D'autre part, la Cour de Justice de l'Union Européenne (CJUE) a déjà statué dans une affaire (C-252/21) que le simple fait de publier une information sur un réseau social ne la rend pas "manifestement publique" au sens de la loi. Les preuves concrètes abondent : l'un des plaignants officiels dans l'affaire noyb a vu son compte Instagram privé, accessible uniquement à ses abonnés approuvés, être utilisé comme source pour son rapport. Un témoignage d'utilisateur sur Reddit établit un constat similaire, affirmant que le service a utilisé sa  photo de profil Facebook alors que celle-ci était configurée comme privée.

 

4. L'obstruction systématique des droits des utilisateurs

Le RGPD ne se contente pas de donner un droit d'accès ; il offre aussi un droit de rectification (Article 16), permettant de corriger des informations incorrectes. Lorsque les plaignants, confrontés à de fausses accusations dans leurs rapports, ont tenté d'exercer ce droit, ils se sont heurtés à ce qui s'apparente à une entrave procédurale délibérée.

Whitebridge AI a refusé de traiter leurs demandes, exigeant une "signature électronique qualifiée" pour prouver leur identité. Or, la législation européenne ne requiert absolument pas une telle signature pour une simple demande de rectification de données. Sachant que la majorité des citoyens européens ne possèdent pas ce type de signature, cette exigence constitue une barrière efficace, conçue pour décourager et empêcher les utilisateurs de faire valoir leurs droits les plus fondamentaux.

"La quantité de données personnelles traitées par Whitebridge AI est effrayante, comme le reconnaît l'entreprise elle-même dans sa publicité. Ceci est rendu encore pire par le fait que Whitebridge AI ignore complètement les personnes concernées lorsqu'elles tentent d'exercer leurs droits."

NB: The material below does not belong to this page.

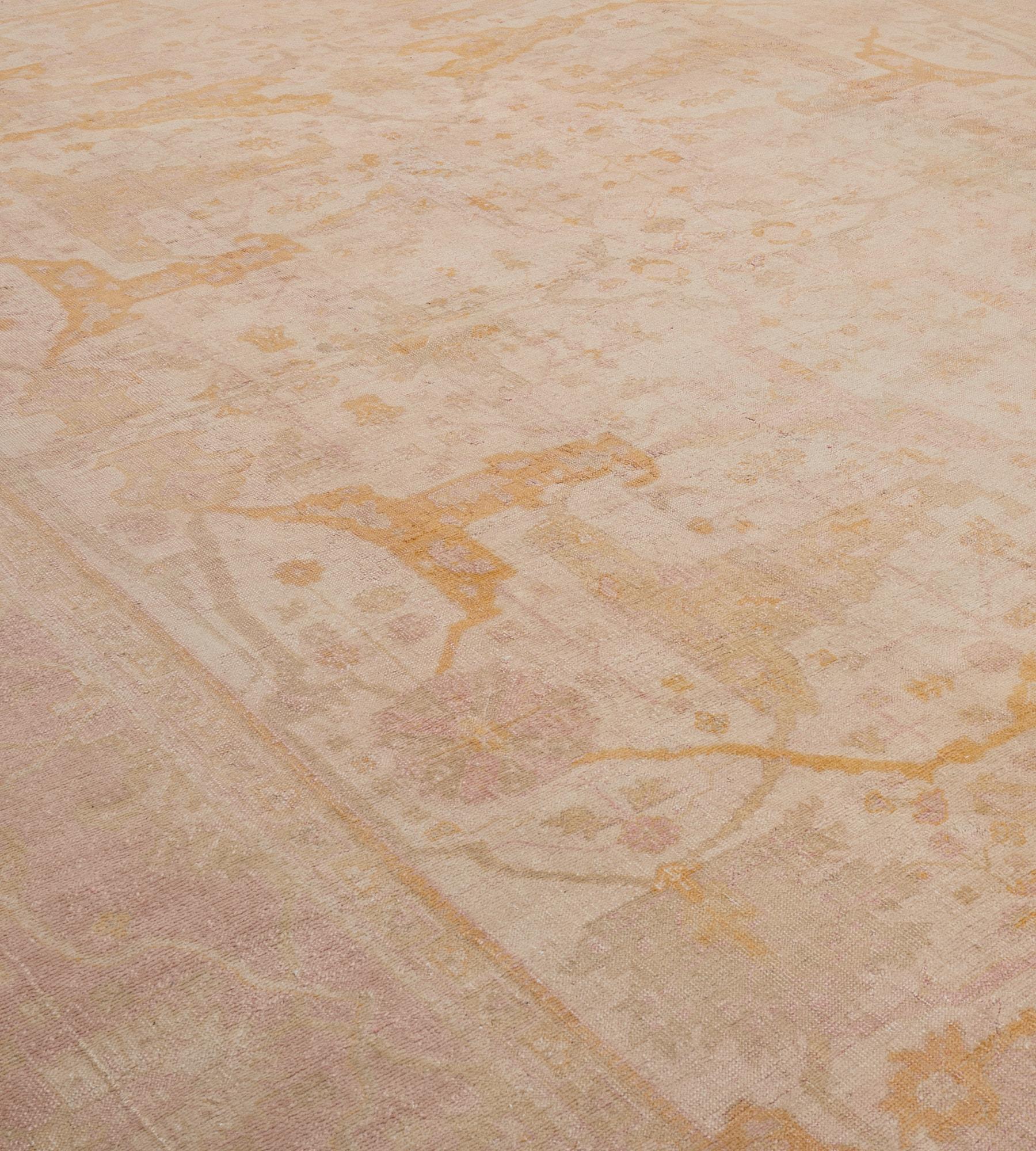 This antique Oushak rug has an ivory field with an overall design of caramel-brown and shaded light grey split palmette vine linking bold dusty-pink and light grey palmette and floral vines, in a broad dusty-pink border of meandering vine linking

Aitana Pallas, juriste chez noyb

 

5. Une version décentralisé sur la Blockchain

Alors que son modèle actuel est sous le feu des critiques, l'entreprise prépare déjà l'étape suivante, et elle est pour le moins surprenante. Un livre blanc révèle qu'une nouvelle entité, UAB Whitebridge Network, s'apprête à lancer un crypto-actif baptisé "WBAI Token". Cette nouvelle société partage la même adresse que sa société mère, UAB Whitebridge ai, au Krivių str. 5, à Vilnius, en Lituanie, ce qui rend les manœuvres de l'entreprise plus tangibles.

L'objectif ? Alimenter un "réseau décentralisé d'agents Whitebridge AI" dédié à "l'intelligence des données sur les personnes". Dans ce futur système, les utilisateurs paieront avec des jetons WBAI pour obtenir les mêmes types de rapports générés par l'IA. L'ironie est frappante : au moment même où l'entreprise est critiquée pour son manque de transparence et de responsabilité, elle construit une version décentralisée qui pourrait rendre la régulation et les recours des utilisateurs encore plus complexes.

 

Conclusion : La vérification à quel prix ?

Le cas de Whitebridge AI met en lumière une tension centrale de notre époque numérique. D'un côté, le besoin légitime de se protéger contre les fraudes en ligne est bien réel. De l'autre, des services comme celui-ci soulèvent des questions alarmantes sur la violation de la vie privée, l'exactitude des données et une éthique commerciale pour le moins discutable.

L'affaire est désormais entre les mains des régulateurs, mais elle nous concerne tous.